* [EXERCISE GOAL]: Your output should match the listing below word for word, without any images.

* [MATERIAL PROVIDED]:
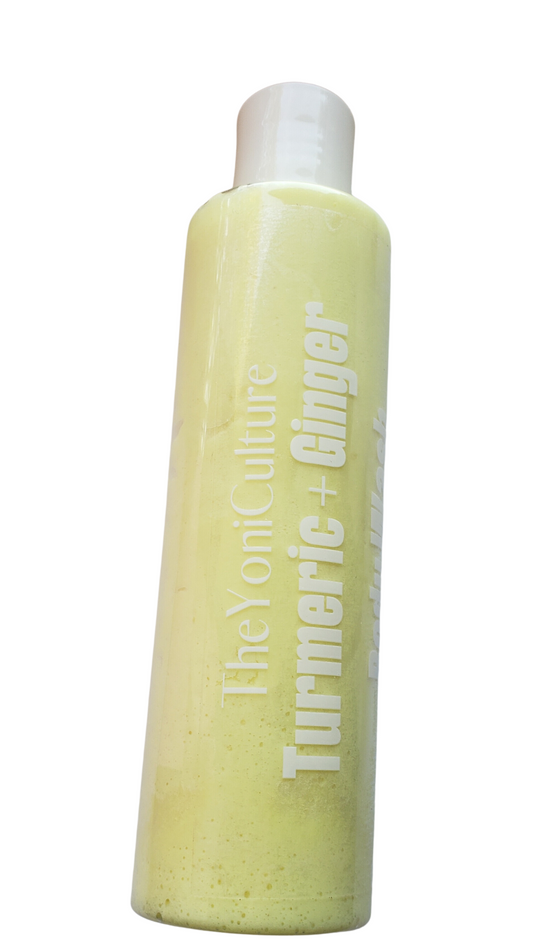 Turmeric + Ginger Creamy Body Wash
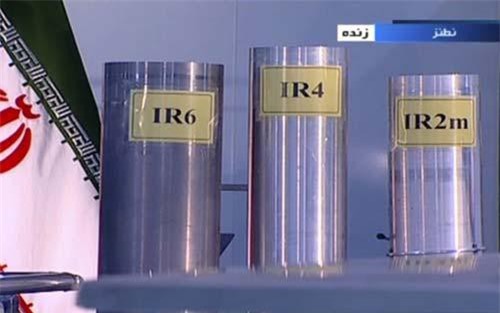 Iran chính thức nối lại việc làm giàu urani
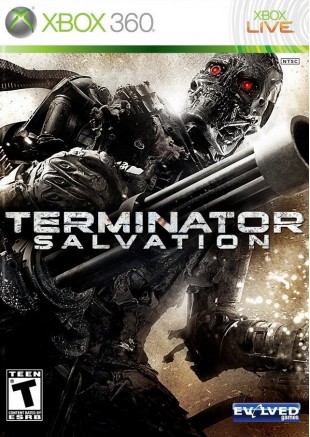TERMINATOR SALVATION (USAGÉ) TERMINATOR SALVATION (USAGÉ)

* [THE ANSWER]:
 Turmeric + Ginger Creamy Body Wash
 Iran chính thức nối lại việc làm giàu urani
TERMINATOR SALVATION (USAGÉ) TERMINATOR SALVATION (USAGÉ)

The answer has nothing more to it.